What else should I know about using a charcoal grill?
“It’s important to choose the right charcoal. If you are using a chimney starter — which you should — then avoid any easy or instant light charcoal. Those are soaked in lighter fluid and will add an unpleasant flavor to your food,” Campos says. “You also have the option of choosing bricks or natural wood lump charcoal. Lump charcoal will light faster and burn hotter while producing little ash, and since it is all natural, it adds better flavor to the food. On the other hand, brick charcoal will last a lot longer, which makes it easier when maintaining a specific temperature with less hustle.”
What grilling utensils do I need?
Here’s Campos’ list of utensils you should consider:
Long handle spatula – A good grilling spatula should have a long, offset handle so you can keep your hands away from the heat.
Long tongs – Use good quality tongs. The longer the tongs, the less grip they will have. You need to make sure they are good quality with a good grip.
Grill mitts – Regular oven mitts will not do the job. Campos likes to use silicone grill mitts. Not only do they resist high temperature, but they are also easy to wash since you can rinse them with water.
Thermometer – A thermometer will help you know when your food is ready.
Basting brush – A basting brush is necessary if you are planning to baste with sauces, garlic oil, butter, etc.
Grill basket – This item is very helpful when grilling small or delicate items that may fall through the grill spaces or break while being turned.
Grill brush – You will be using this through the cooking process in between placing different items on the grill. It is important to maintain as clean a grill as possible during your cooking.

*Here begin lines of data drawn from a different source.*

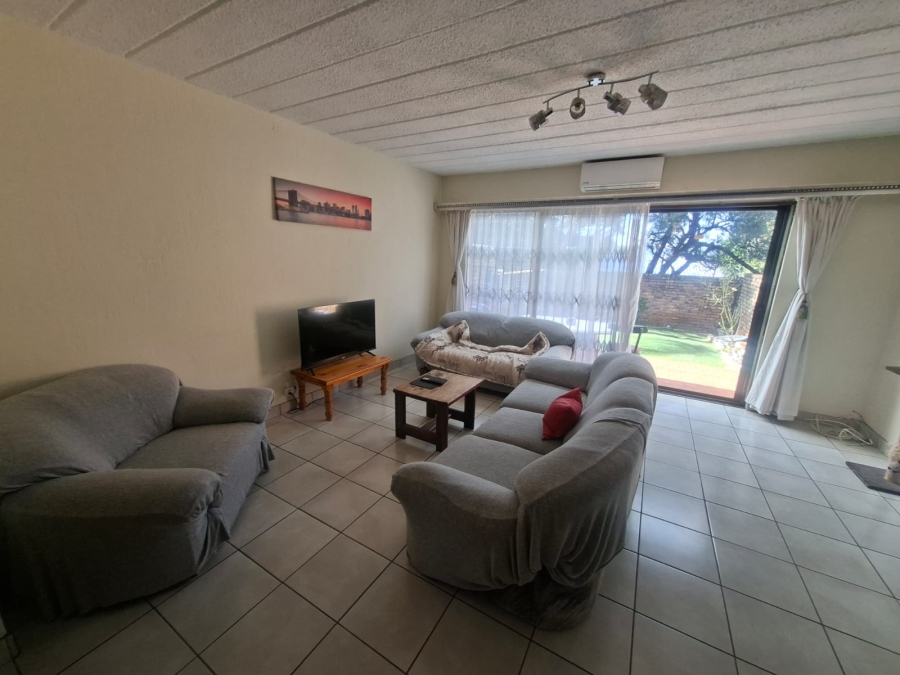 2 Bedroom Property for Sale in Wilro Park Gauteng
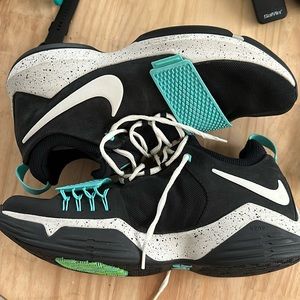 Nike PG1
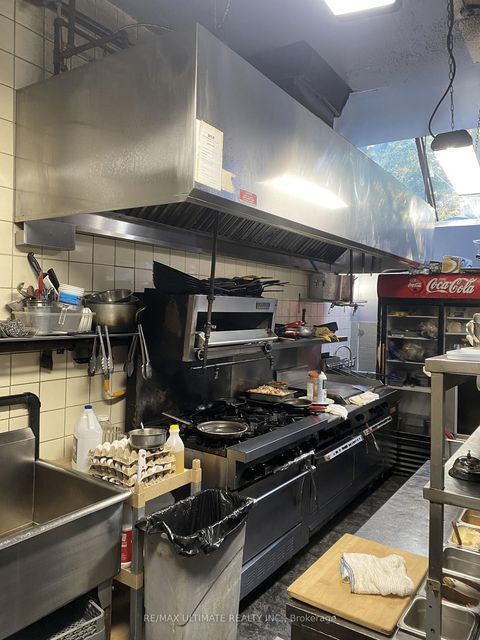 Photo 4 at 3401 Yonge Street, Lawrence Park North, Toronto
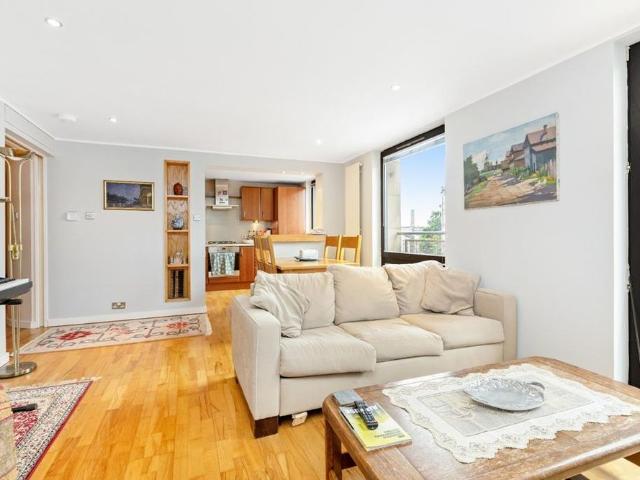 Apartment for rent in Gayfield, Broughton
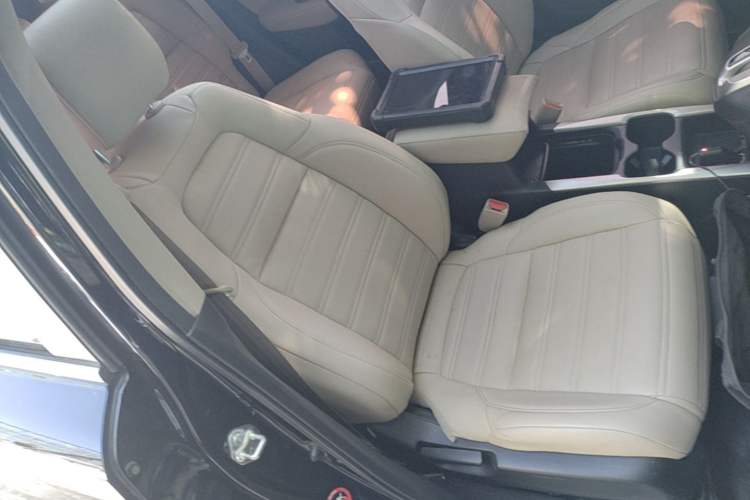 Used Honda CR-V 2019 240TURBO CVT 2WD Comfort Version China V Right Front Seat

How should I prepare my food on the grill?
Now that you have all the equipment you need, it is time to choose and prepare your food. Here are some of Campos’ best grilling tips:
Make sure you buy meat that is tender with good marbling. The more marbling the juicer and more tender it will be. If your meat is lean (like chicken breast) you may want to marinate it in advance. Marinating will help to keep the meat moist and juicy as well as add flavor to it.
Preheat your grill and give it plenty of time to heat up. You want to make sure your grill is hot before putting any items on it. Let your meat rest at room temperature for a couple of minutes before placing it on the grill. This will allow the meat to cook more evenly.
Be patient — do not poke your meat while grilling as this will let all the juices out.
Brush the grill frequently to keep it clean.
Let your meat rest at least 5 minutes before slicing it.
Keep these tips in mind during your next barbecue. And remember, careful preparation from the time you purchase your grill to the time you throw the meat on top can take your grilling to the next level.